To delegate permissions for a group or user on a Group Policy object |
-
In the Group Policy Management Console (GPMC) console tree, expand the Group Policy Objects node in the forest and domain containing the Group Policy object (GPO) for which you want to add or remove permissions.
-
Click the GPO.
-
In the results pane, click the Delegation tab.
-
Click Add.
-
In the Select User, Computer, or Group dialog box, click Object Types, select the types of objects for which you want to add GPO permissions, and then click OK.
-
Click Locations, select either Entire Directory or the domain or organizational unit containing the object for which you want to add GPO permissions, and then click OK.
-
In the Enter the object name to select box, type the name of the object for which you want to add GPO permissions by performing one of the following actions:
- If you know the name, type it and then click
OK.
- To search for the name, click
Advanced, type the search criteria, click Find Now,
select the name in the list box, click OK, and then click
OK again.
- In the Permissions box of the Add
Group or User dialog box, select the appropriate permissions
from the drop-down list, and then click OK.

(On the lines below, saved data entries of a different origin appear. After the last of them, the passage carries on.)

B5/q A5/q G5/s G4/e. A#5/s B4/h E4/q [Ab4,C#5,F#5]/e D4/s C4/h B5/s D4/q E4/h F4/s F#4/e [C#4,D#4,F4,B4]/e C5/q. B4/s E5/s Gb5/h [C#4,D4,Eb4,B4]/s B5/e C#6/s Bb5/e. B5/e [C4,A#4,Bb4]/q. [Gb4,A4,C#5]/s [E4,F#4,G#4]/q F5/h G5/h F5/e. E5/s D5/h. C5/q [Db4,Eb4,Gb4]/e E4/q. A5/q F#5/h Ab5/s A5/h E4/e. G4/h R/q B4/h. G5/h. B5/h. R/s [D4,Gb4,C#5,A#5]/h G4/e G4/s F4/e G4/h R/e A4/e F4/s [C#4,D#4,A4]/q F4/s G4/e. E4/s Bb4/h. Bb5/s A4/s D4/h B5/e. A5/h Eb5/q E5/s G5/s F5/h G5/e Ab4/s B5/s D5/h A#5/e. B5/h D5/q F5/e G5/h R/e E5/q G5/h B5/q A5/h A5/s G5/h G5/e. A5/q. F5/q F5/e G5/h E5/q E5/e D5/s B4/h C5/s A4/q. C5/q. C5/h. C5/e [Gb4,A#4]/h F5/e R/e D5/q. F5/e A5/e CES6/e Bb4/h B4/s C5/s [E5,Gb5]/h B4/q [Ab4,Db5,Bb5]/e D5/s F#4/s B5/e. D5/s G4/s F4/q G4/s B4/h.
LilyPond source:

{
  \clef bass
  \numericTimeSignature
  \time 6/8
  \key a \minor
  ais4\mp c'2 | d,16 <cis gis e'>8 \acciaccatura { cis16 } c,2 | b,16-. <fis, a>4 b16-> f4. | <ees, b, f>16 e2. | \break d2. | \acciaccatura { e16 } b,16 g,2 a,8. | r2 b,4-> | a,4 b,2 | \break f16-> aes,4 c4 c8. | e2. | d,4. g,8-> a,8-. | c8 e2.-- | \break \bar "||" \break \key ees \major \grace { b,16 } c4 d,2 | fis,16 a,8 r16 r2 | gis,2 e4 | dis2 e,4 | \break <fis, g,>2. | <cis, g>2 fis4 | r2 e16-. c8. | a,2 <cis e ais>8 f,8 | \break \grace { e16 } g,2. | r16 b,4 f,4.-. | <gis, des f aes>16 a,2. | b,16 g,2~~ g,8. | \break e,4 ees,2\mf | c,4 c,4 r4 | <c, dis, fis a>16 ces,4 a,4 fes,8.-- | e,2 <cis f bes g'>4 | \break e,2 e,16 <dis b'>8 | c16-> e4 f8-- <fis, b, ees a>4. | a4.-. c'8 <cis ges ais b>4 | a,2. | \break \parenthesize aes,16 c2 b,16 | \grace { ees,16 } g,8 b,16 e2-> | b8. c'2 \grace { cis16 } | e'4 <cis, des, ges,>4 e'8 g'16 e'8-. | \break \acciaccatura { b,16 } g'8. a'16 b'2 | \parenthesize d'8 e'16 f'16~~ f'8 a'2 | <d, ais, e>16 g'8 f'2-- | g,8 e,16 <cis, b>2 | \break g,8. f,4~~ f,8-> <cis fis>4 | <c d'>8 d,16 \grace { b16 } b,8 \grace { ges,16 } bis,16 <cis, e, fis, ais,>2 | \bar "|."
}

- If you know the name, type it and then click
OK.
Additional considerations
- To perform this procedure, you must have
Edit settings, delete, and modify security permissions on
the GPO.
- Groups and users that have Custom in
the Allowed Permissions column in the Groups and
users list box on the Delegation tab have permissions
that do not match one of the three standard levels of permissions.
To view the permissions for groups with custom permissions or to
set custom permissions, click Advanced.
- You can also click the Delegation tab
to change or remove permissions for a group or user on a GPO.